══ The data

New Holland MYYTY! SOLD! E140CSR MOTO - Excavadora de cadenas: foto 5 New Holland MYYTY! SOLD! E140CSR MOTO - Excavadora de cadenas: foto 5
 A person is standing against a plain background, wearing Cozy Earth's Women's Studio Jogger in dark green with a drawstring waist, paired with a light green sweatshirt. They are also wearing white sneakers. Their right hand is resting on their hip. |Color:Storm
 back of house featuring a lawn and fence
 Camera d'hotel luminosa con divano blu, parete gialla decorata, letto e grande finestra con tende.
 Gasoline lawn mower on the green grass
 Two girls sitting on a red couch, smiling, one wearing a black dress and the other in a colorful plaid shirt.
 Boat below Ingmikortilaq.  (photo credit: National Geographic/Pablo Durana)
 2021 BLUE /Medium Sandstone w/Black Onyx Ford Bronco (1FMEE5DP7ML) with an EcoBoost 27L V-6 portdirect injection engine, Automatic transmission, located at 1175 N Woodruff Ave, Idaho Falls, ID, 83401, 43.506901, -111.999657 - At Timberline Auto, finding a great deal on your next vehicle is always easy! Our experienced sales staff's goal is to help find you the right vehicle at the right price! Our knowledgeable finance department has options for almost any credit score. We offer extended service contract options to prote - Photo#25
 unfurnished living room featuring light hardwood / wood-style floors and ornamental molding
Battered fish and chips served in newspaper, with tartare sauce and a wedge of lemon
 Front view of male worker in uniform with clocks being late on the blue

════

(Your goal):
The required answer is the run of lines above, starting at the line with "back of house featuring a lawn and fence" and ending at the line with "Boat below Ingmikortilaq.", reproduced exactly with both ends.

(Completed exercise):
 back of house featuring a lawn and fence
 Camera d'hotel luminosa con divano blu, parete gialla decorata, letto e grande finestra con tende.
 Gasoline lawn mower on the green grass
 Two girls sitting on a red couch, smiling, one wearing a black dress and the other in a colorful plaid shirt.
 Boat below Ingmikortilaq.  (photo credit: National Geographic/Pablo Durana)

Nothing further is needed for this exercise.